7. Comma-separated list of integrity check names. The
following strings are used for the known check types: None,
CRC32, CRC64, and SHA-256. For unknown check types,
Unknown-N is used, where N is the Check ID as a decimal
number (one or two digits).
8. Total size of stream padding in the file
The columns of the stream lines:
2. Stream number (the first stream is 1)
3. Number of blocks in the stream
4. Compressed start offset
5. Uncompressed start offset
6. Compressed size (does not include stream padding)
7. Uncompressed size
8. Compression ratio
9. Name of the integrity check
10. Size of stream padding
The columns of the block lines:
2. Number of the stream containing this block
3. Block number relative to the beginning of the stream (the
first block is 1)
4. Block number relative to the beginning of the file
5. Compressed start offset relative to the beginning of the
file
6. Uncompressed start offset relative to the beginning of the
file
7. Total compressed size of the block (includes headers)
8. Uncompressed size
9. Compression ratio
10. Name of the integrity check
If --verbose was specified twice, additional columns are included on
the block lines. These are not displayed with a single --verbose,
because getting this information requires many seeks and can thus be
slow:
11. Value of the integrity check in hexadecimal
12. Block header size
13. Block flags: c indicates that compressed size is present,
and u indicates that uncompressed size is present. If the
flag is not set, a dash (-) is shown instead to keep the
string length fixed. New flags may be added to the end of
the string in the future.
14. Size of the actual compressed data in the block (this
excludes the block header, block padding, and check fields)
15. Amount of memory (in bytes) required to decompress this
block with this xz version
16. Filter chain. Note that most of the options used at
compression time cannot be known, because only the options
that are needed for decompression are stored in the .xz
headers.
The columns of the summary lines:
2. Amount of memory (in bytes) required to decompress this file
with this xz version
3. yes or no indicating if all block headers have both
compressed size and uncompressed size stored in them
Since xz 5.1.2alpha:
4. Minimum xz version required to decompress the file
The columns of the totals line:
2. Number of streams
3. Number of blocks
4. Compressed size
5. Uncompressed size
6. Average compression ratio
7. Comma-separated list of integrity check names that were
present in the files
8. Stream padding size
9. Number of files.
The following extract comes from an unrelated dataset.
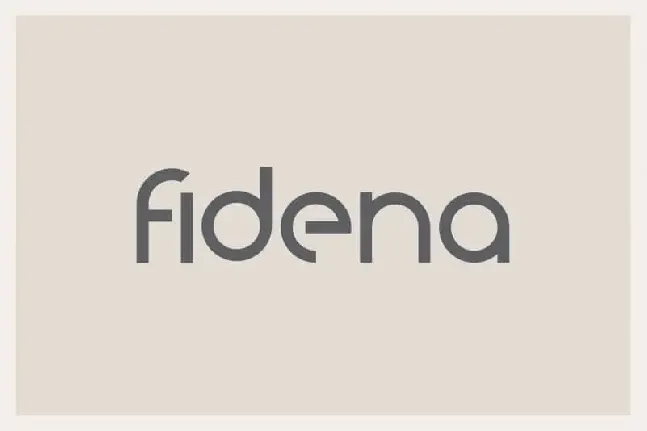 Fidena font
This is here to keep the order of the
earlier columns the same as on file lines.
If --verbose was specified twice, additional columns are included on
the totals line:
10. Maximum amount of memory (in bytes) required to decompress
the files with this xz version
11. yes or no indicating if all block headers have both
compressed size and uncompressed size stored in them
Since xz 5.1.2alpha:
12. Minimum xz version required to decompress the file
Future versions may add new line types and new columns can be added to
the existing line types, but the existing columns won't be changed.
EXIT STATUS
0 All is good.
1 An error occurred.
2 Something worth a warning occurred, but no actual errors
occurred.
Notices (not warnings or errors) printed on standard error don't affect
the exit status.
ENVIRONMENT
xz parses space-separated lists of options from the environment
variables XZ_DEFAULTS and XZ_OPT, in this order, before parsing the
options from the command line. Note that only options are parsed from
the environment variables; all non-options are silently ignored.
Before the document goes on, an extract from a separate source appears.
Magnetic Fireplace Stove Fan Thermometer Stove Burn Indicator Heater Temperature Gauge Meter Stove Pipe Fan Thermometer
Parsing is done with getopt_long(3) which is used also for the command
line arguments.
XZ_DEFAULTS
User-specific or system-wide default options. Typically this is
set in a shell initialization script to enable xz's memory usage
limiter by default. Excluding shell initialization scripts and
similar special cases, scripts must never set or unset
XZ_DEFAULTS.
XZ_OPT This is for passing options to xz when it is not possible to set
the options directly on the xz command line. This is the case
e.g. when xz is run by a script or tool, e.g. GNU tar(1):
XZ_OPT=-2v tar caf foo.tar.xz foo
Scripts may use XZ_OPT e.g. to set script-specific default
compression options. It is still recommended to allow users to
override XZ_OPT if that is reasonable, e.g. in sh(1) scripts one
may use something like this:
XZ_OPT=${XZ_OPT-"-7e"}
export XZ_OPT
LZMA UTILS COMPATIBILITY
The command line syntax of xz is practically a superset of lzma,
unlzma, and lzcat as found from LZMA Utils 4.32.x. In most cases, it
is possible to replace LZMA Utils with XZ Utils without breaking
existing scripts. There are some incompatibilities though, which may
sometimes cause problems.
Compression preset levels
The numbering of the compression level presets is not identical in xz
and LZMA Utils. The most important difference is how dictionary sizes
are mapped to different presets. Dictionary size is roughly equal to
the decompressor memory usage.
Level xz LZMA Utils
-0 256 KiB N/A
-1 1 MiB 64 KiB
-2 2 MiB 1 MiB
-3 4 MiB 512 KiB
-4 4 MiB 1 MiB
-5 8 MiB 2 MiB
-6 8 MiB 4 MiB
-7 16 MiB 8 MiB
-8 32 MiB 16 MiB
-9 64 MiB 32 MiB
The dictionary size differences affect the compressor memory usage too,
but there are some other differences between LZMA Utils and XZ Utils,
which make the difference even bigger:
Level xz LZMA Utils 4.32.x
-0 3 MiB N/A
-1 9 MiB 2 MiB
-2 17 MiB 12 MiB
-3 32 MiB 12 MiB
-4 48 MiB 16 MiB
-5 94 MiB 26 MiB
-6 94 MiB 45 MiB
-7 186 MiB 83 MiB
-8 370 MiB 159 MiB
-9 674 MiB 311 MiB
The default preset level in LZMA Utils is -7 while in XZ Utils it is
-6, so both use an 8 MiB dictionary by default.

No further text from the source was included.